| Task requirements |
The listing that follows must be retyped exactly, without its pictures.

| Source material |
_ _ _ _ _

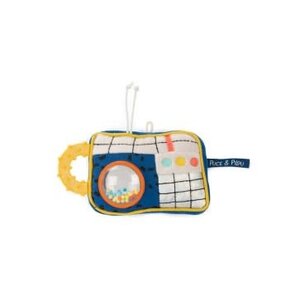 Moulin Roty Activity mini radio Puce & Pilou
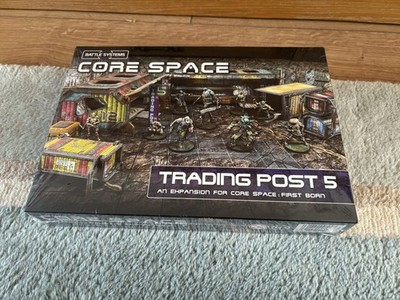 Core Space Battle Systems First Born Trading Post 5 Erweiterung - Neu & Sealed
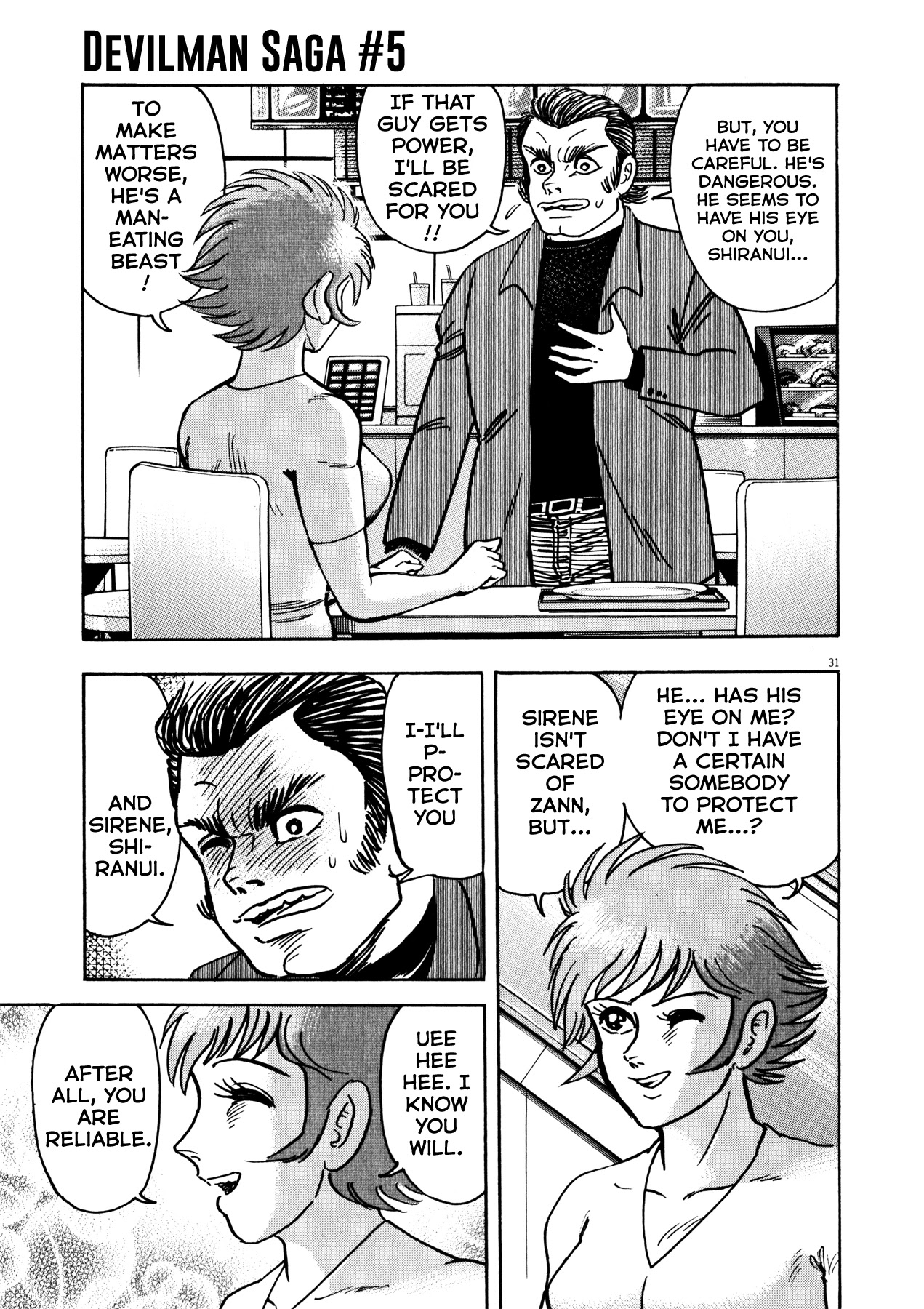 Devilman Saga Chapter 37 page 30 - Chapter 37: The Armour's Devilmen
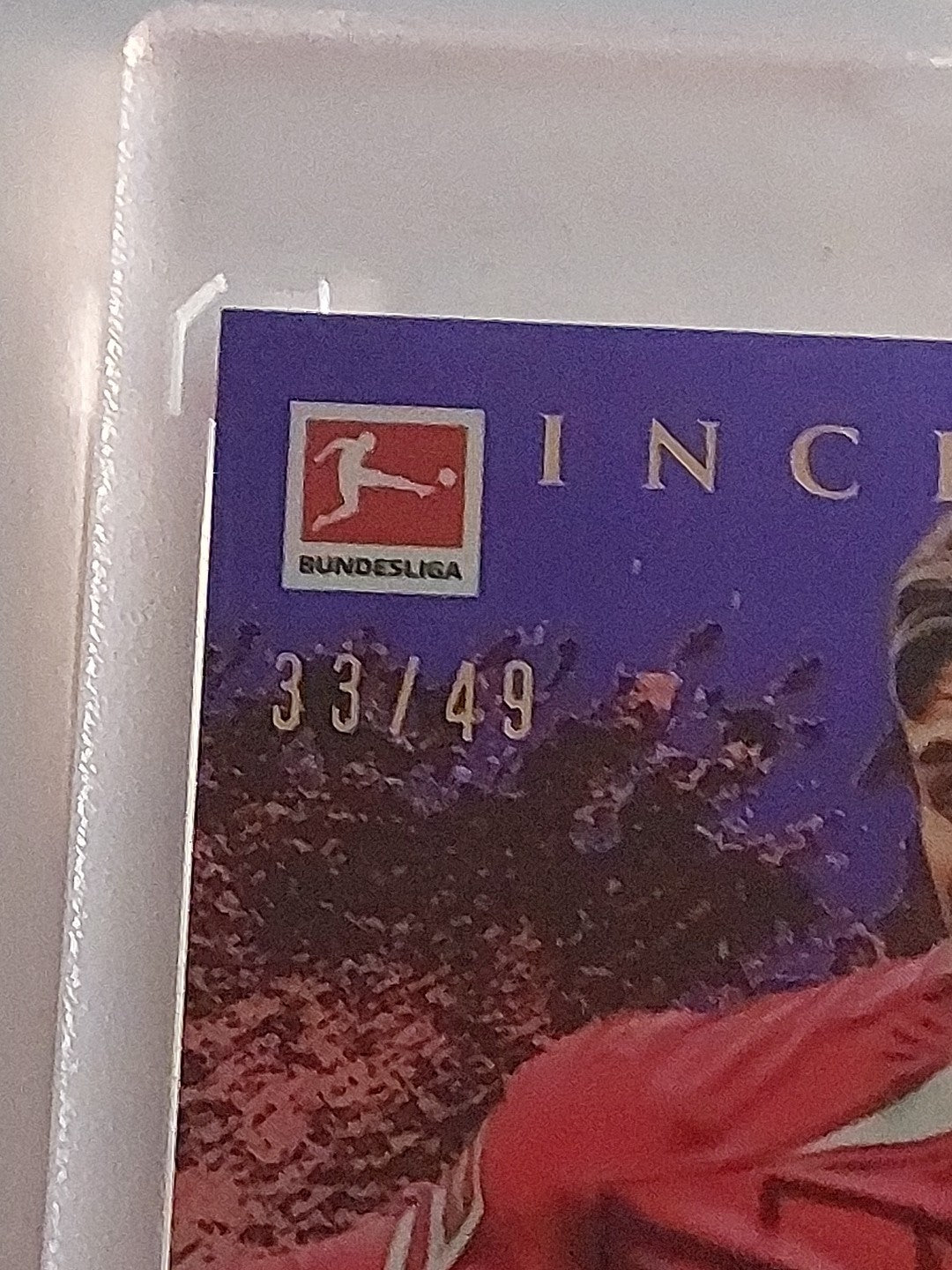 Topps Inception Bundesliga 2024-25 Eren Sami Dinkci Auto Freiburg Parallel 33/49 – Bild 2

_ _ _ _ _

| Result for this task |
 Moulin Roty Activity mini radio Puce & Pilou
 Core Space Battle Systems First Born Trading Post 5 Erweiterung - Neu & Sealed
 Devilman Saga Chapter 37 page 30 - Chapter 37: The Armour's Devilmen
 Topps Inception Bundesliga 2024-25 Eren Sami Dinkci Auto Freiburg Parallel 33/49 – Bild 2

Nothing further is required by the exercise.